[Short web captions]

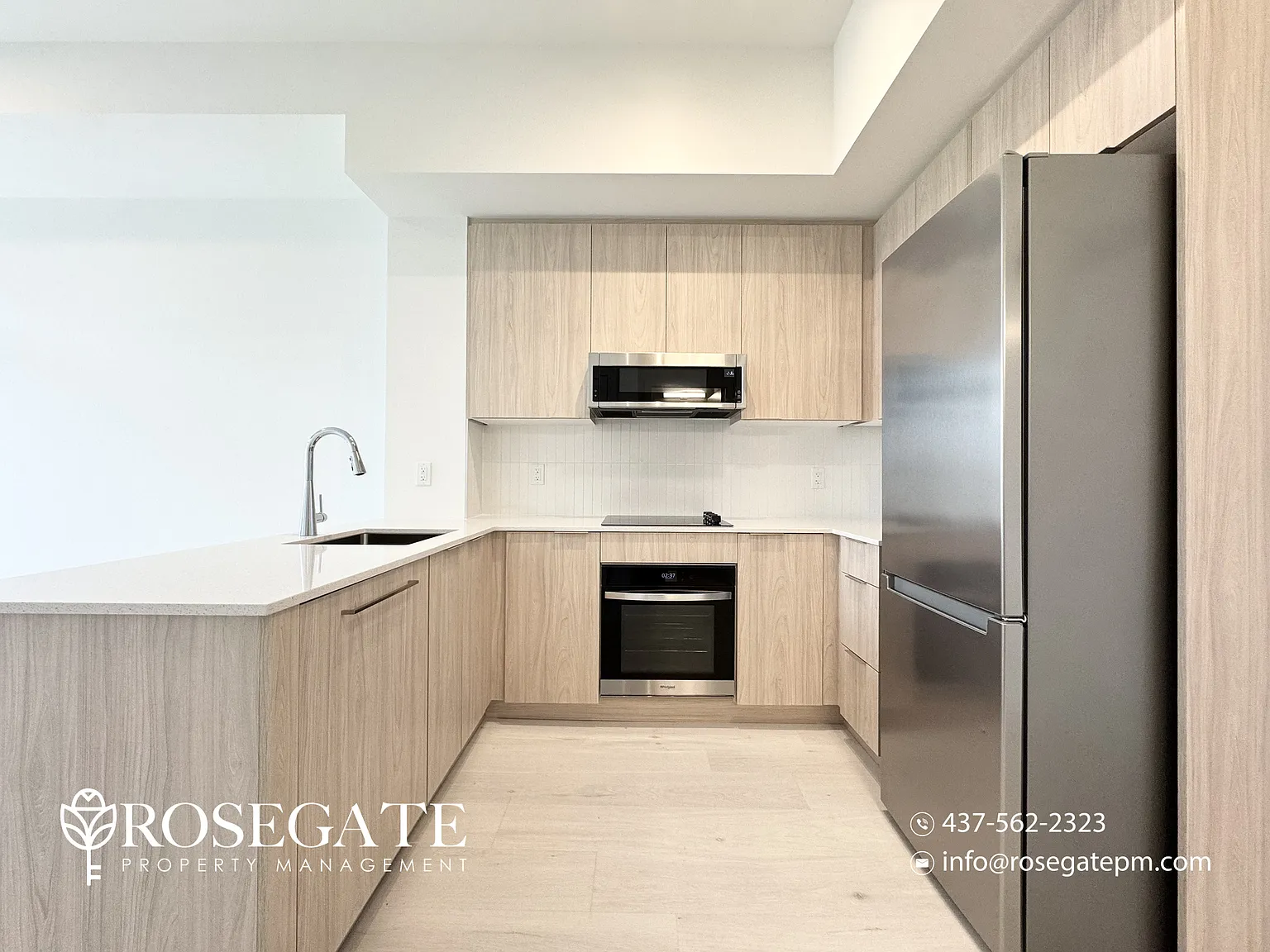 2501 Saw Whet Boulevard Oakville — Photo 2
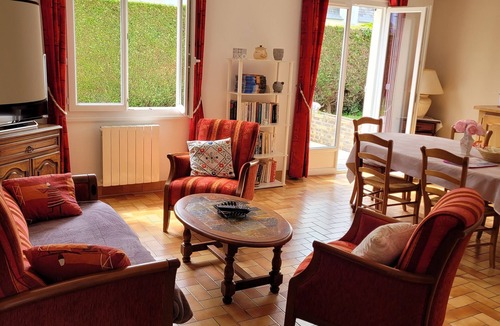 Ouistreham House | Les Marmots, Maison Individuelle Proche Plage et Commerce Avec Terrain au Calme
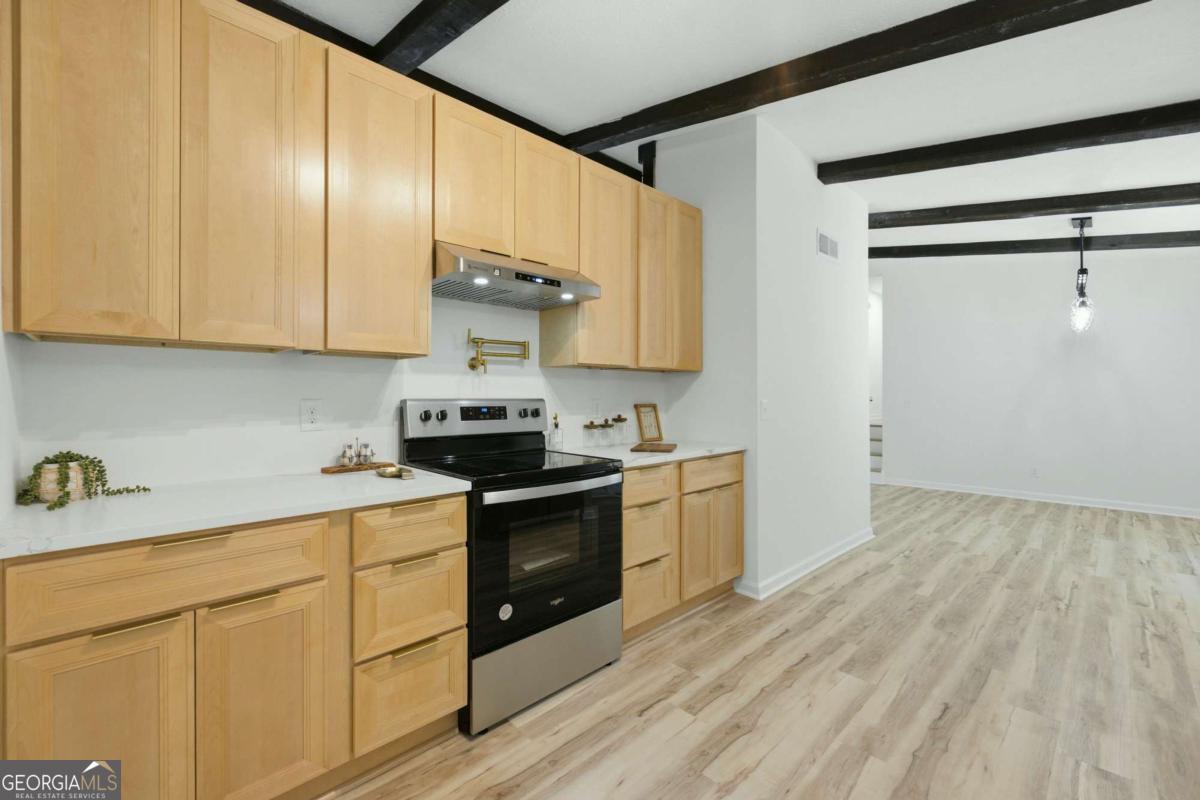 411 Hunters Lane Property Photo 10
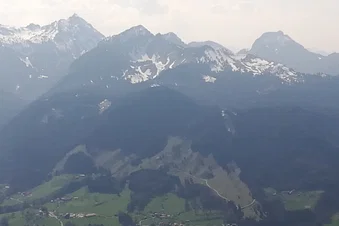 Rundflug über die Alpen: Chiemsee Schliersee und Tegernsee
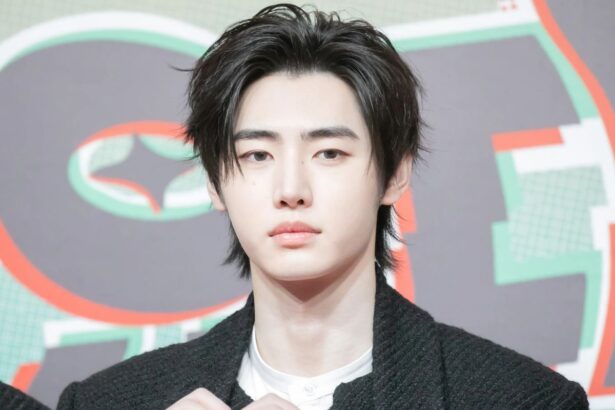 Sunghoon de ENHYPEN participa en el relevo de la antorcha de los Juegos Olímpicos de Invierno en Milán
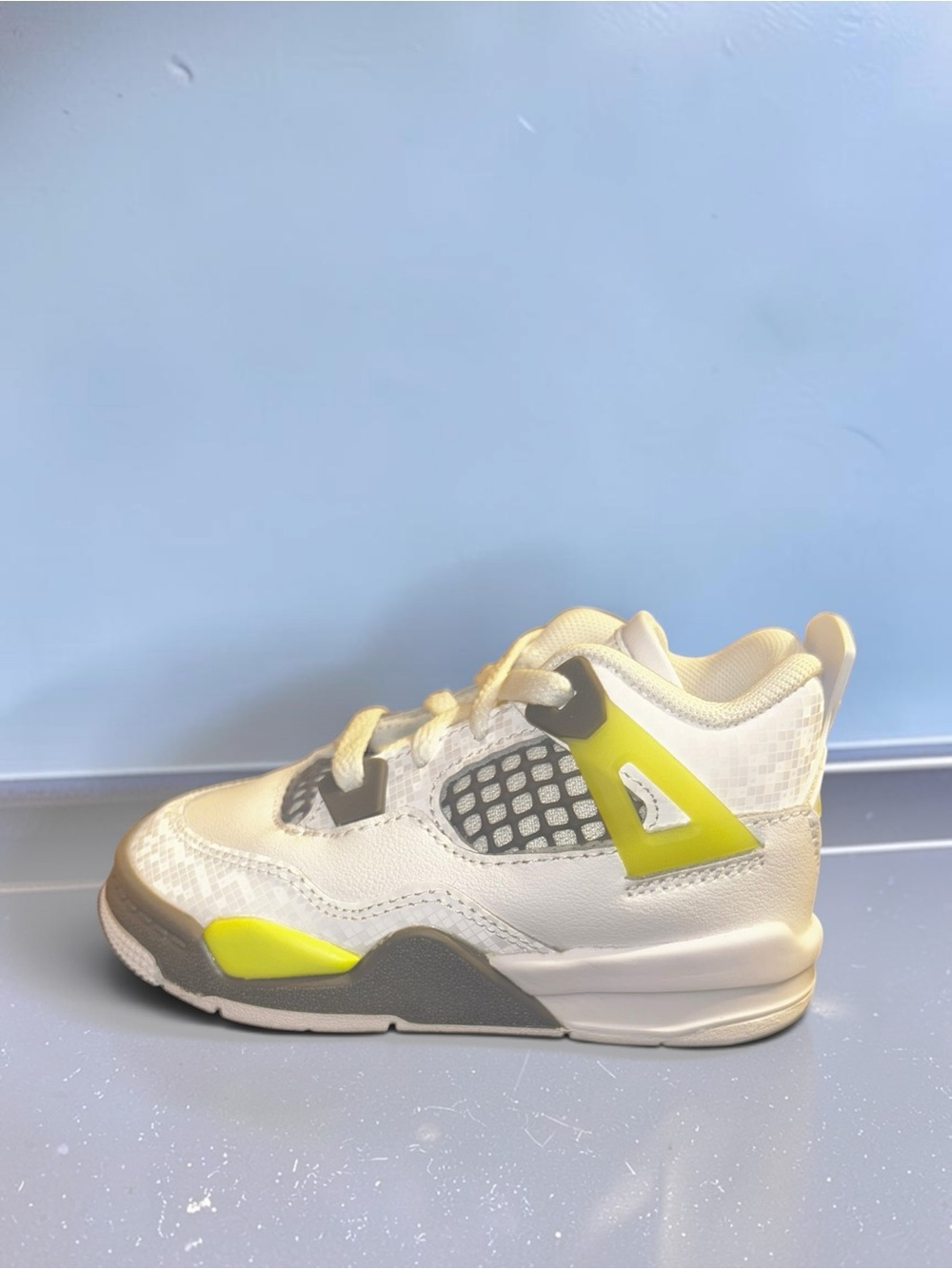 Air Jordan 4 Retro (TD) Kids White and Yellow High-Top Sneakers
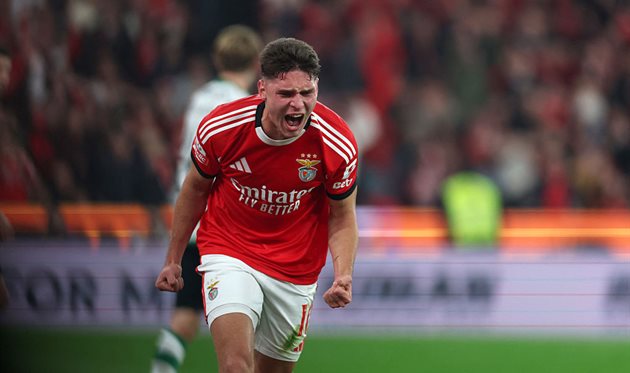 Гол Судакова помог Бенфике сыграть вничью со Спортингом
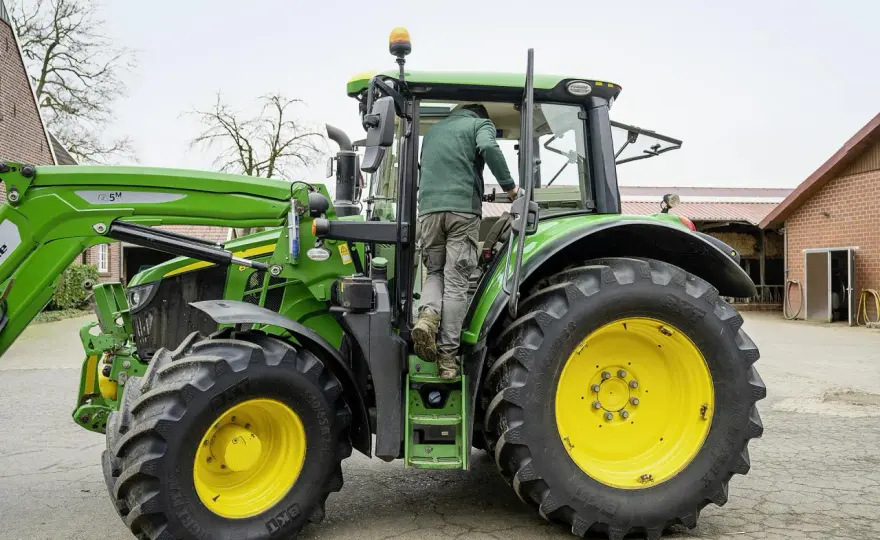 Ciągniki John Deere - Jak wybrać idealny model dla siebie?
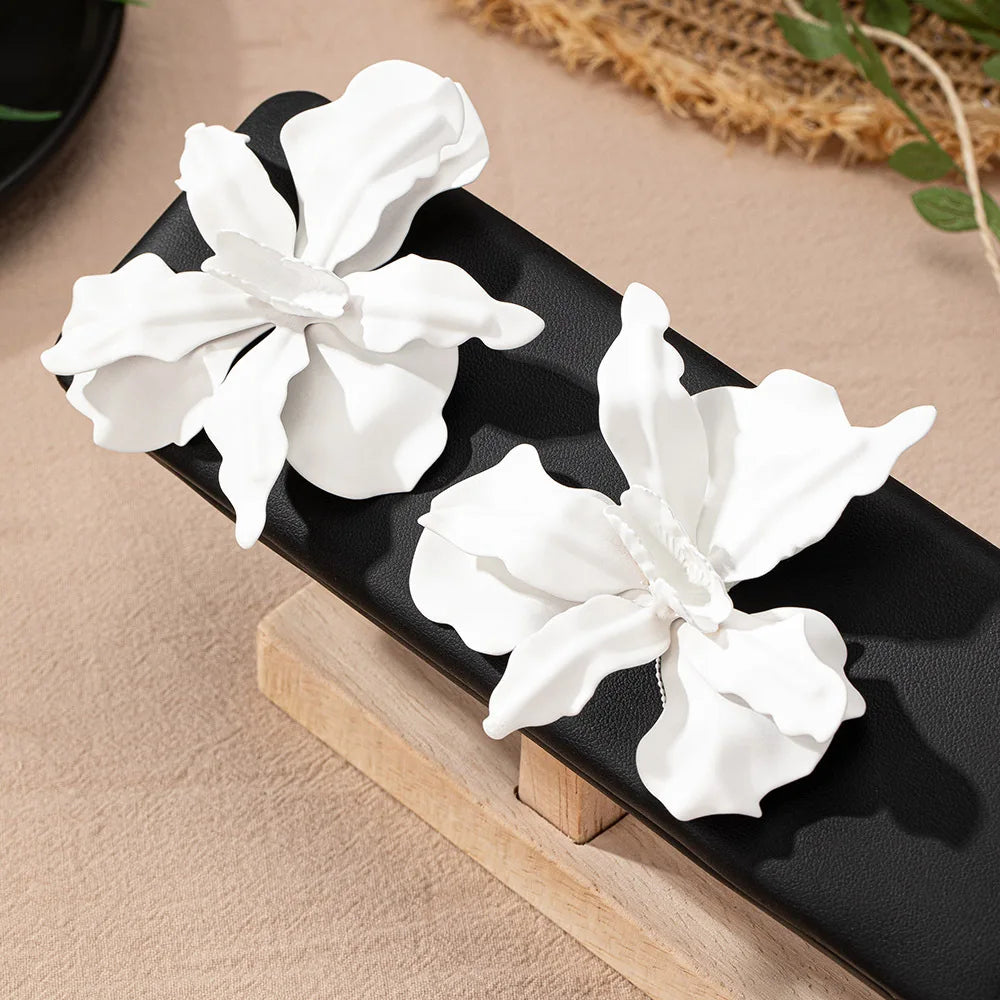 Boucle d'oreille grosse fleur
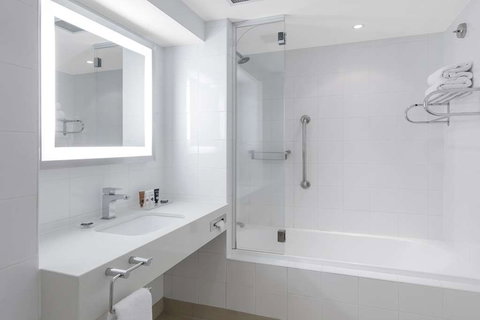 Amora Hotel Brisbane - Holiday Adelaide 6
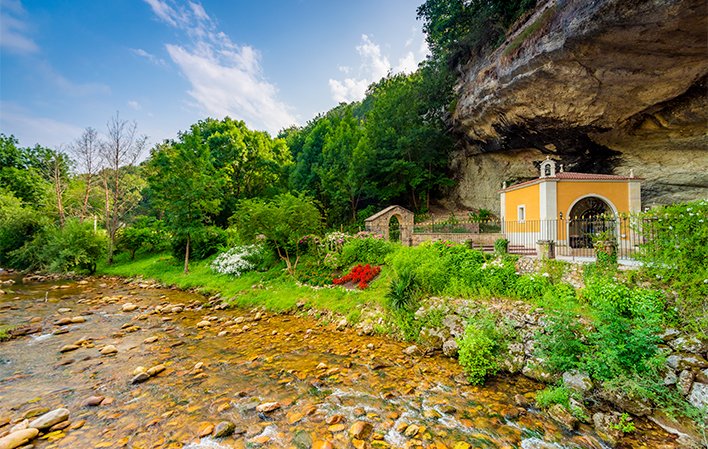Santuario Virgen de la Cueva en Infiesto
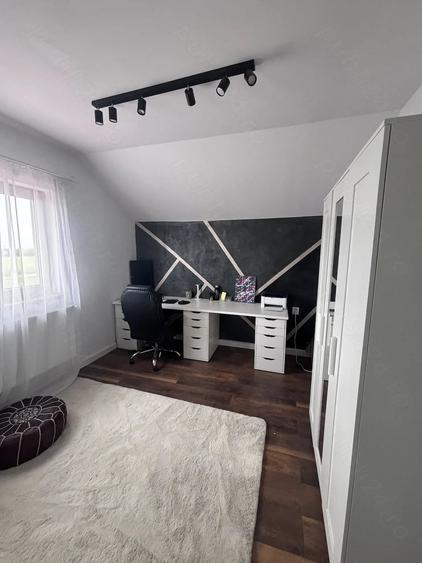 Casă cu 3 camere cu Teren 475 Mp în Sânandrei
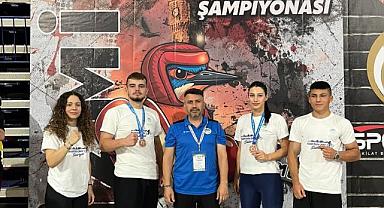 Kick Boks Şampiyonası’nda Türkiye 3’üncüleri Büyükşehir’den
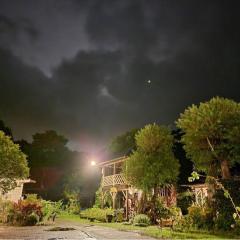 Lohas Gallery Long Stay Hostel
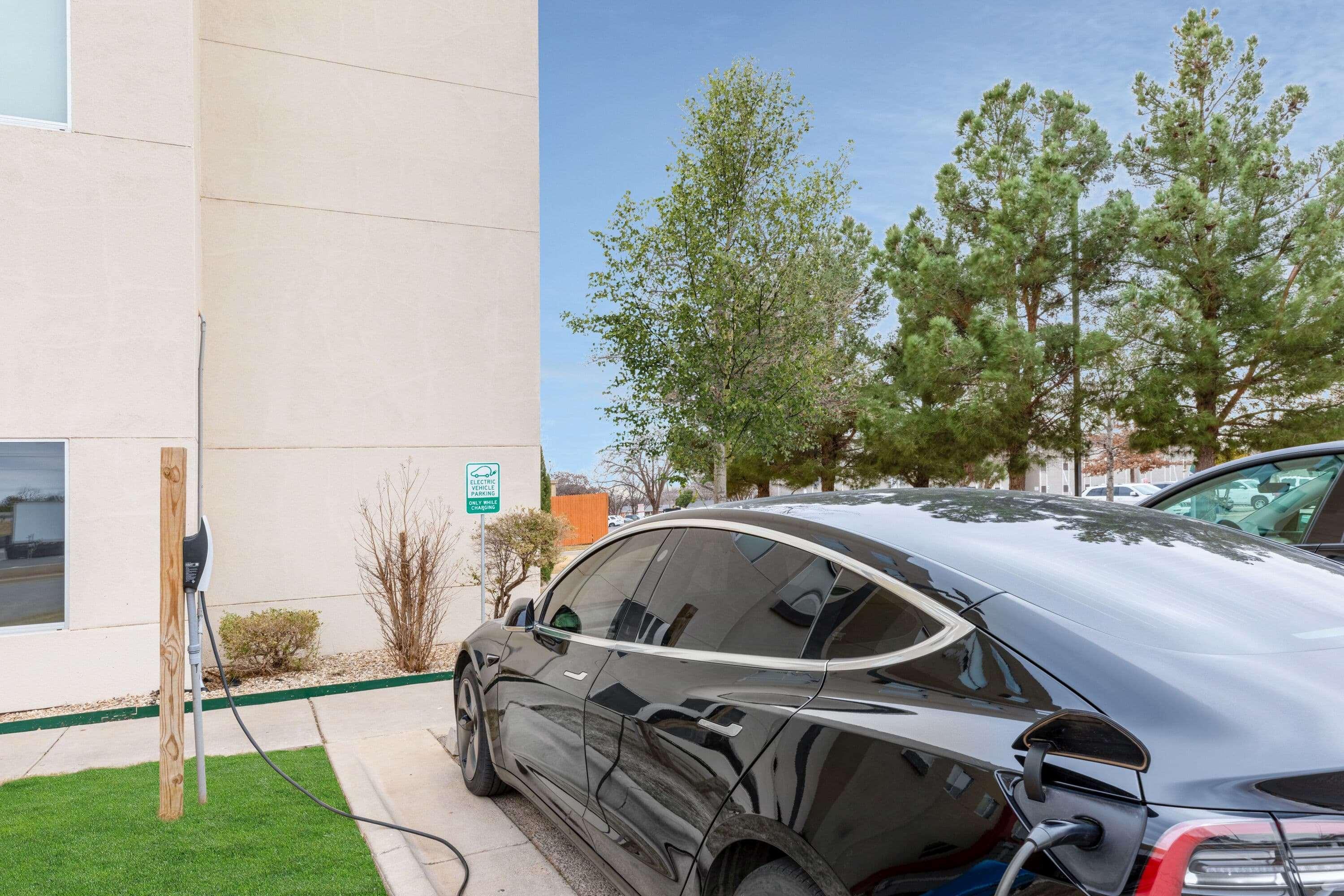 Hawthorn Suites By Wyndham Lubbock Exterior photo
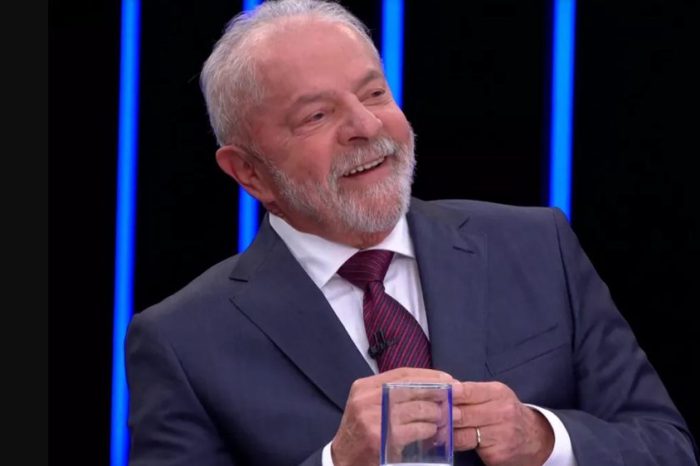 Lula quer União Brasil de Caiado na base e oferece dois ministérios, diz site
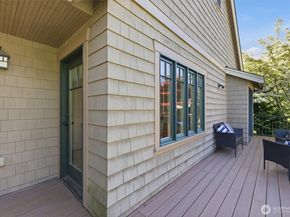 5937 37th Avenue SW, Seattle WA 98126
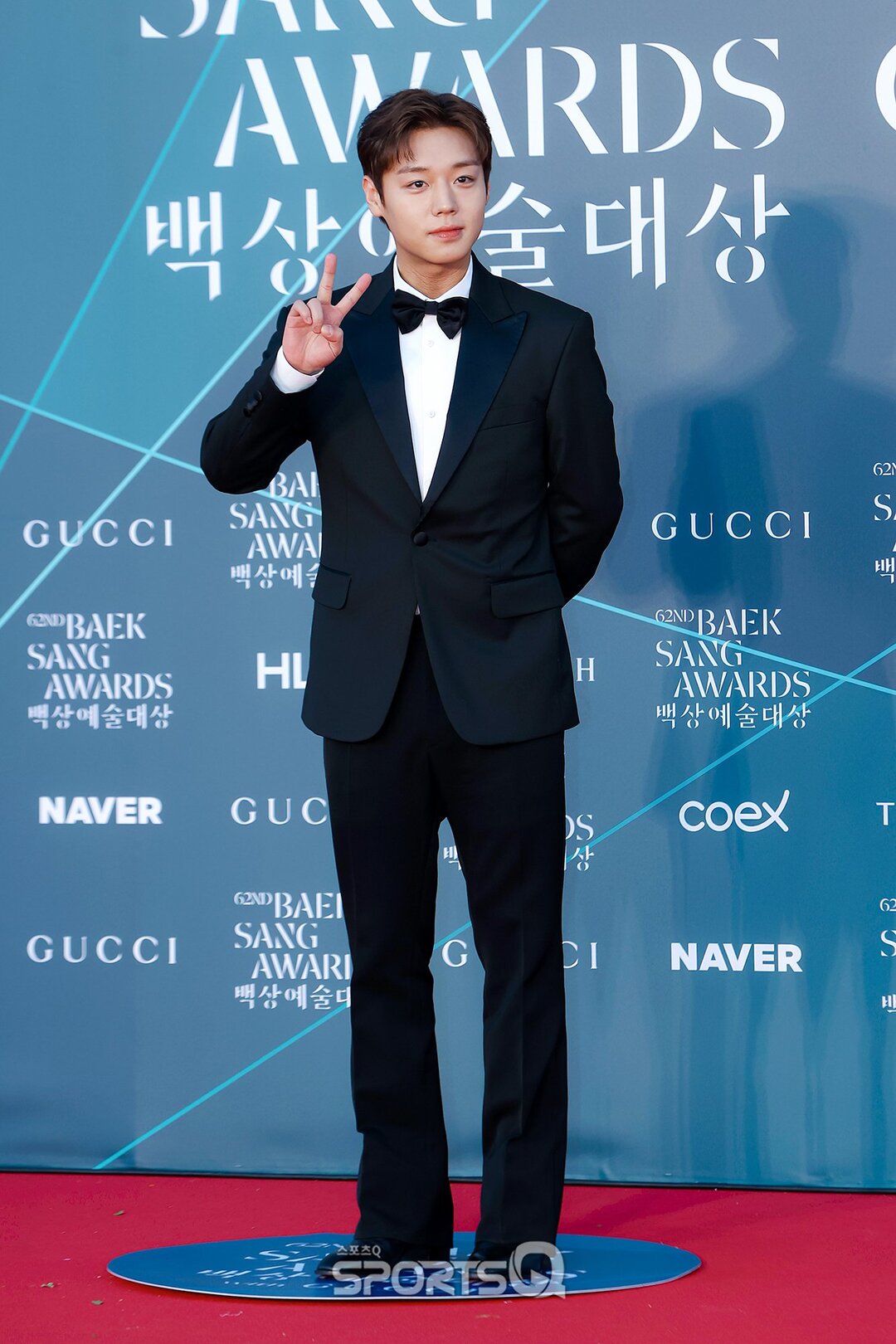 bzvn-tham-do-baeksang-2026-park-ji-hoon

**INSTRUCTIONS TO FOLLOW:** Quote the data above in full and without alteration; skip the pictures.

**RESULT OF THE TASK:**
 2501 Saw Whet Boulevard Oakville — Photo 2
 Ouistreham House | Les Marmots, Maison Individuelle Proche Plage et Commerce Avec Terrain au Calme
 411 Hunters Lane Property Photo 10
 Rundflug über die Alpen: Chiemsee Schliersee und Tegernsee
 Sunghoon de ENHYPEN participa en el relevo de la antorcha de los Juegos Olímpicos de Invierno en Milán
 Air Jordan 4 Retro (TD) Kids White and Yellow High-Top Sneakers
 Гол Судакова помог Бенфике сыграть вничью со Спортингом
 Ciągniki John Deere - Jak wybrać idealny model dla siebie?
 Boucle d'oreille grosse fleur
 Amora Hotel Brisbane - Holiday Adelaide 6
Santuario Virgen de la Cueva en Infiesto
 Casă cu 3 camere cu Teren 475 Mp în Sânandrei
 Kick Boks Şampiyonası’nda Türkiye 3’üncüleri Büyükşehir’den
 Lohas Gallery Long Stay Hostel
 Hawthorn Suites By Wyndham Lubbock Exterior photo
 Lula quer União Brasil de Caiado na base e oferece dois ministérios, diz site
 5937 37th Avenue SW, Seattle WA 98126
 bzvn-tham-do-baeksang-2026-park-ji-hoon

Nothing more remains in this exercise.